2025年も各社から、さまざまな新作モデルがリリースされた時計業界。多種多彩な顔触れが並ぶ中で、時計好きが選ぶNo.1とは? 今回、読者に「2025年に発表された新作腕時計」の中から、最も引かれるブランドのモデルをアンケートで回答してもらった。選ばれた新作のうち、最も得票数の多かった上位5本を紹介する。


読者が選ぶ、2025年新作時計の「傑作No.1」とは?

 世界経済の減速やドナルド・トランプ米大統領による関税施策がもたらす貿易摩擦などといった要因から、経済の影響を受けやすい時計市場の先行きにも不安が広がりつつあった2025年。しかし各社から発表された新作時計を見ると、そんな懸念など感じさせない。新型ムーブメントの登場やトレンドを反映した小ぶりなケースの採用、そして超絶コンプリケーションまでと、多種多彩な顔触れとなった。

 今回、そんな2025年に発表された新作時計の中から、読者にそれぞれの「傑作No.1」を自由回答形式で選出してもらった。集計期間は2025年12月1日から7日まで。最も得票数の多かった新作時計TOP5を紹介する。

 なお、同一コレクション内に複数のバリエーションが存在する新作時計に関しては、「ひとつのコレクション」としてまとめて集計している。

5位:グランドセイコー「エボリューション9 コレクション」Ref.SLGW007

SLGW007

グランドセイコー「エボリューション9 コレクション」Ref.SLGW007
手巻き(Cal.9SA4)。47石。3万6000振動/時。パワーリザーブ約80時間。SSケース(直径38.6mm、厚さ9.95mm)。日常生活用防水。134万2000円(税込み)。(問)セイコーウオッチお客様相談室(グランドセイコー) Tel.0120-302-617

 第5位は、グランドセイコーが2024年に発表した新型手巻きムーブメントのCal.9SA4を搭載しつつ、ネイビーカラーの“白樺”文字盤を備えた1本だ。

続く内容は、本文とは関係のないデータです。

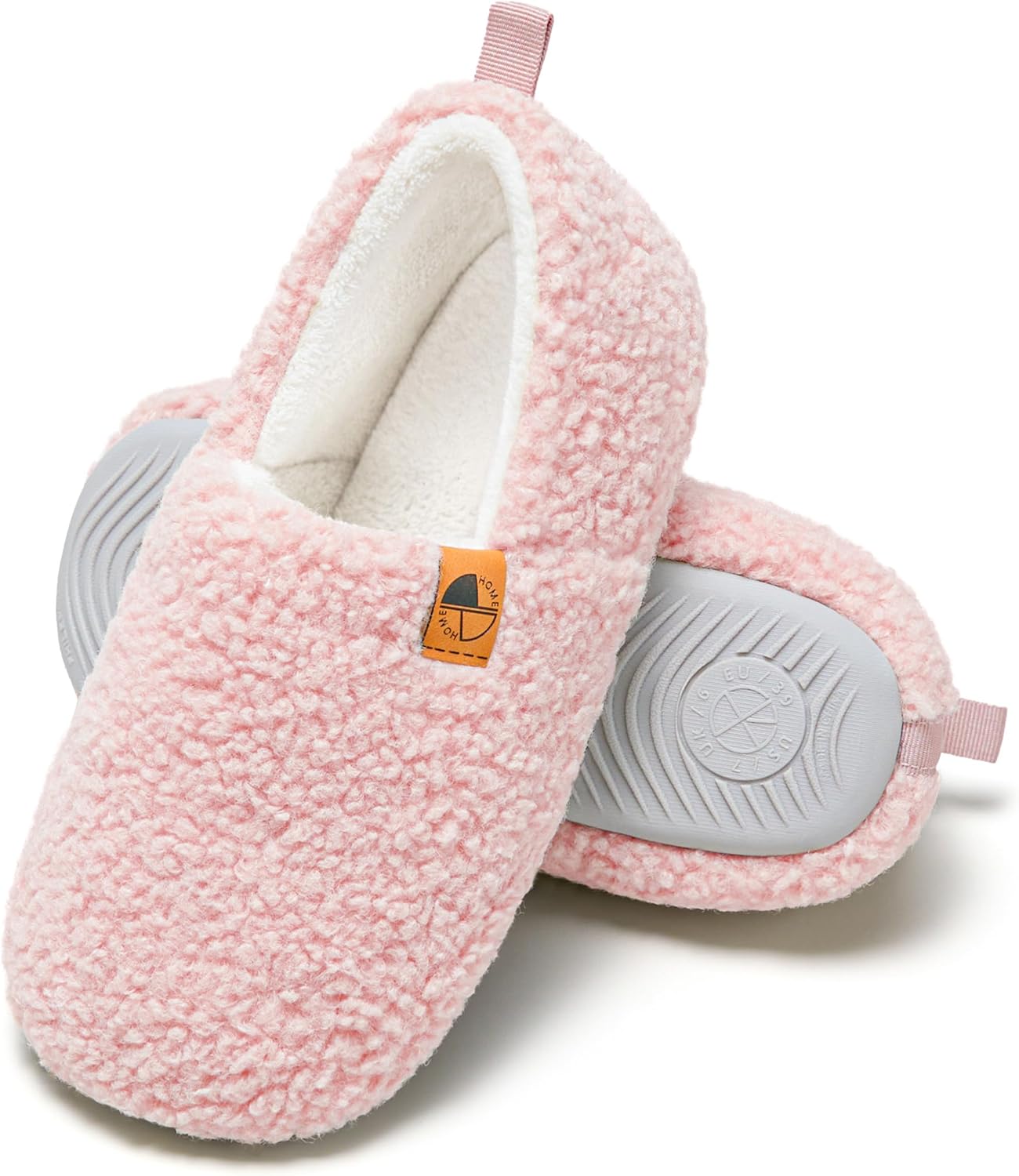 

Домашние тапочки для женщин и мужчин, легкие, с эффектом памяти, теплые закрытые тапочки с мягким флисом для использования дома и на улице Fhilepon, розовый
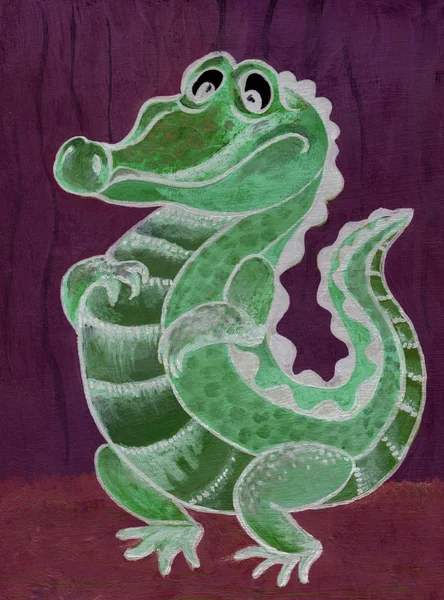 Crocodile Personnage Dessin Animé Figure Avec Peintures Acryliques Illustration Pour — Photo
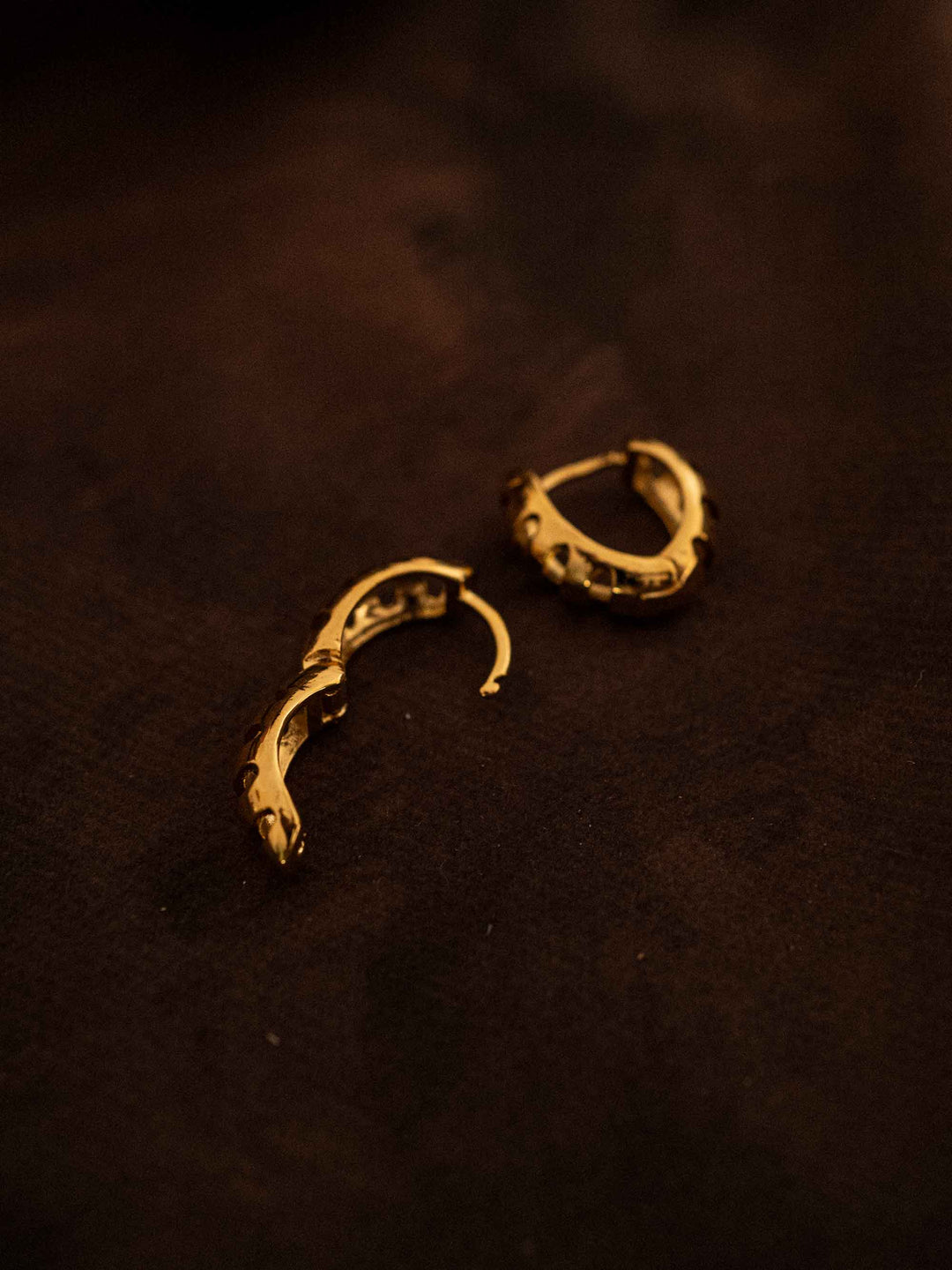 A delicate Hoop heart shaped gold earrings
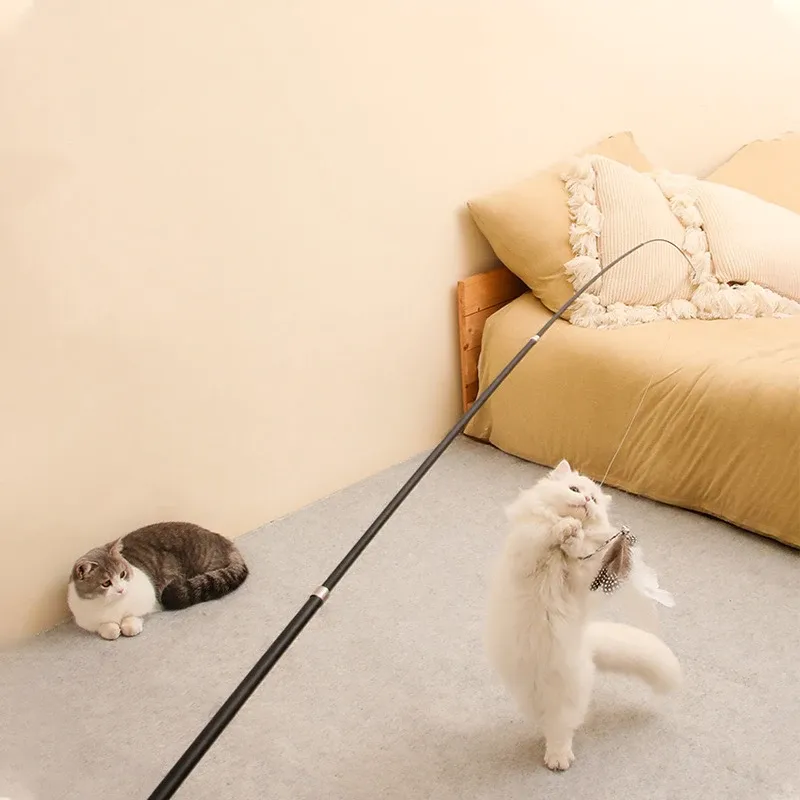 Erweiterter Teleskop-Katzenstab, 1,8 m, extra lange Angelrute, beständig gegen Kratzer, Katzenspielzeug, um Langeweile zu lindern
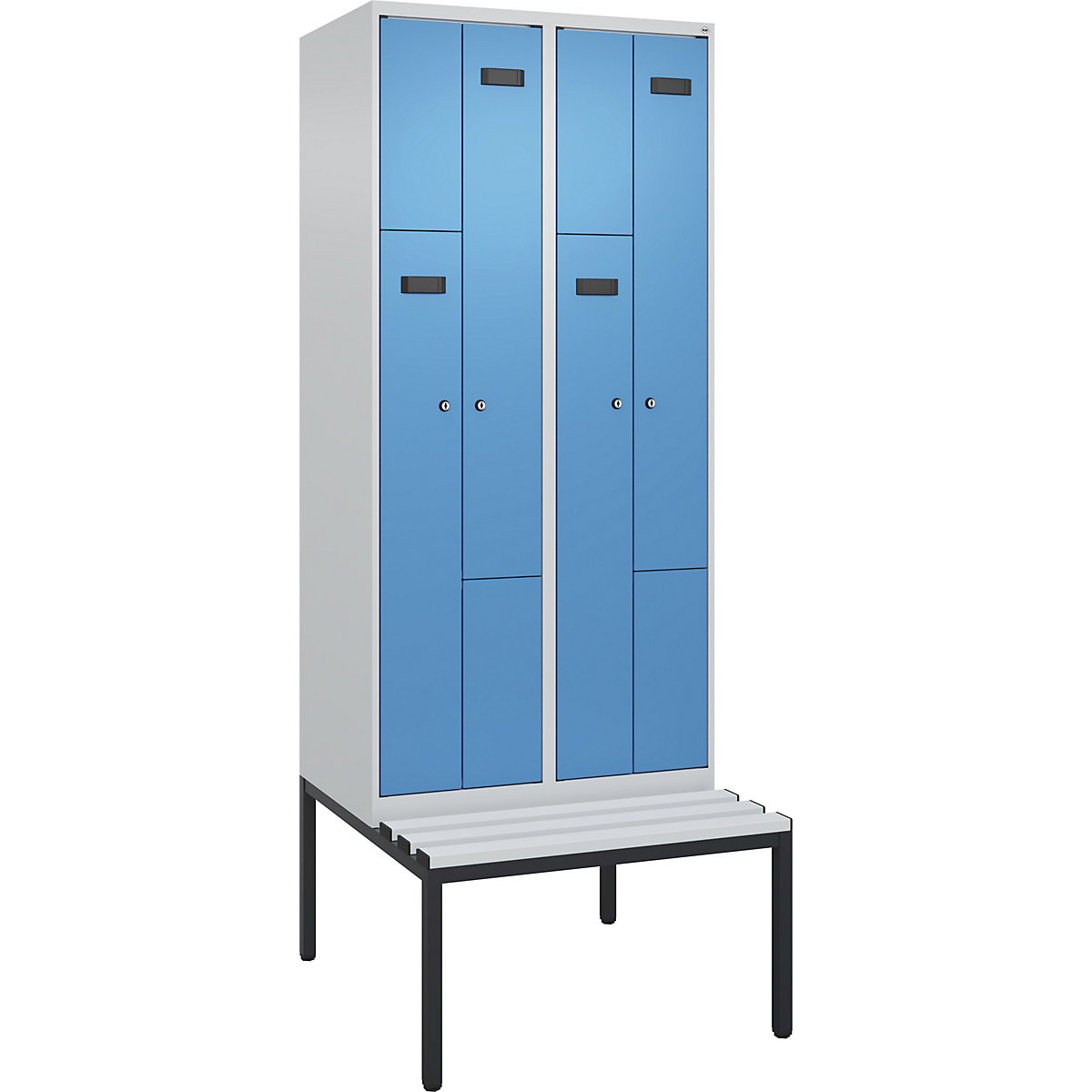 Vestiaire à portes en Z Evolo PLUS avec banc (Illustration du produit 2)-1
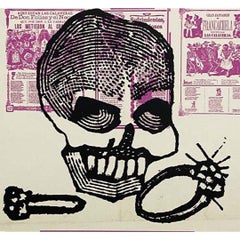 1963 Original poster for a tribute to Posada - Mexican Day of the Dead in Paris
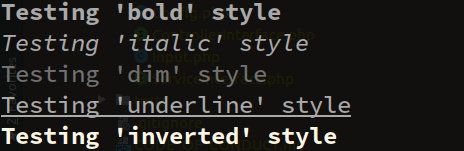 Screenshot of extended styles output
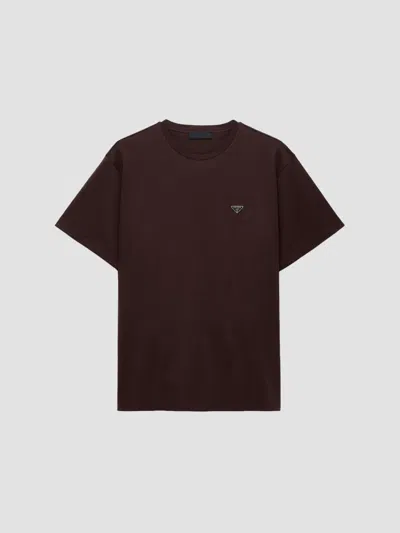 Prada Cotton T-shirt In Brown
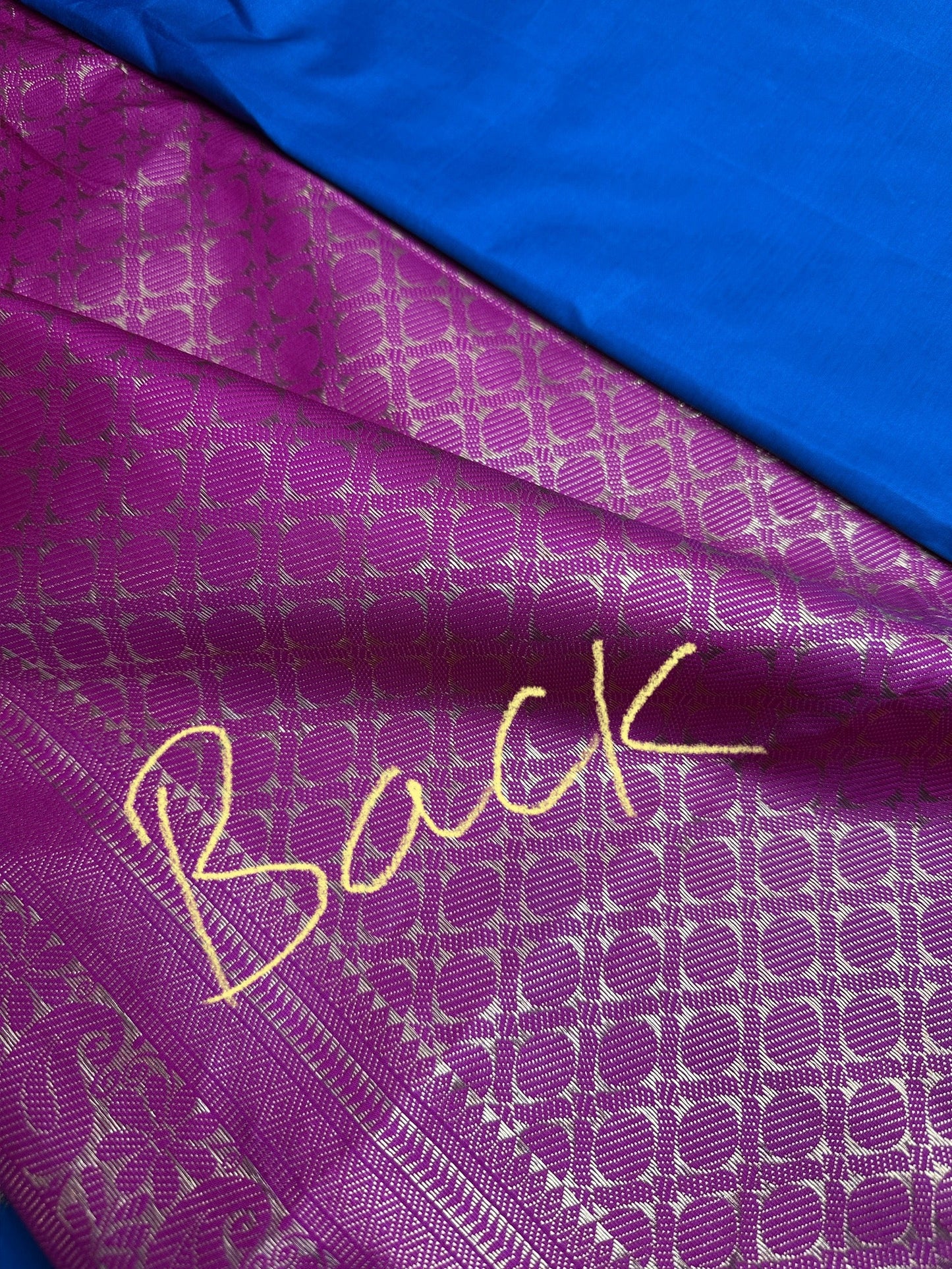 Gadwal Semi Silk Blue Pink Small Border Saree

 Cal.9SA4は自動巻きのCal.9SA5をベースに製造されており、3万6000振動/時のハイビートと約80時間のパワーリザーブを両立させ、さらには主ゼンマイの“巻き心地のよさ”“巻き上げの音”を追求した、時計オタク垂涎のムーブメントである。カチカチ……という音ともに、リュウズを持った指から伝わる巻き上げの感触は、手巻きならではの操作する楽しみを与えてくれる。なお、この巻き上げの感触の追求のために、グランドセイコーはコハゼとコハゼバネを改良した。シースルーバックから香箱をつつくように動くコハゼは、岩手県のセキレイをモチーフとしているという遊び心も楽しめる。

[読者の投票理由]
・月夜の白樺林という情景を見事に表現。高性能な手巻きキャリバー9SA4を堪能できるのも高評価だと思います。
・祖父が譲ってくれた時計がグランドセイコーでそれをきっかけにブランドが好きになった。デニムも好きなのでネイビーの時計が欲しかったから。

4位:A.ランゲ&ゾーネ「1815」

A.ランゲ&ゾーネ 2025年新作

A.ランゲ&ゾーネ「1815」Ref.220.037/Ref.220.028
手巻き(Cal.L152.1)。21石。2万1600振動/時。パワーリザーブ約72時間。18KPGケース(直径34.0mm、厚さ6.4mm)。3気圧防水。要価格問い合わせ。(問)A.ランゲ&ゾーネ Tel.0120-23-1845

 第4位は、A.ランゲ&ゾーネが4月に開催されたウォッチズ&ワンダーズ ジュネーブ2025でリリースした、小ぶりなサイズの「1815」だ。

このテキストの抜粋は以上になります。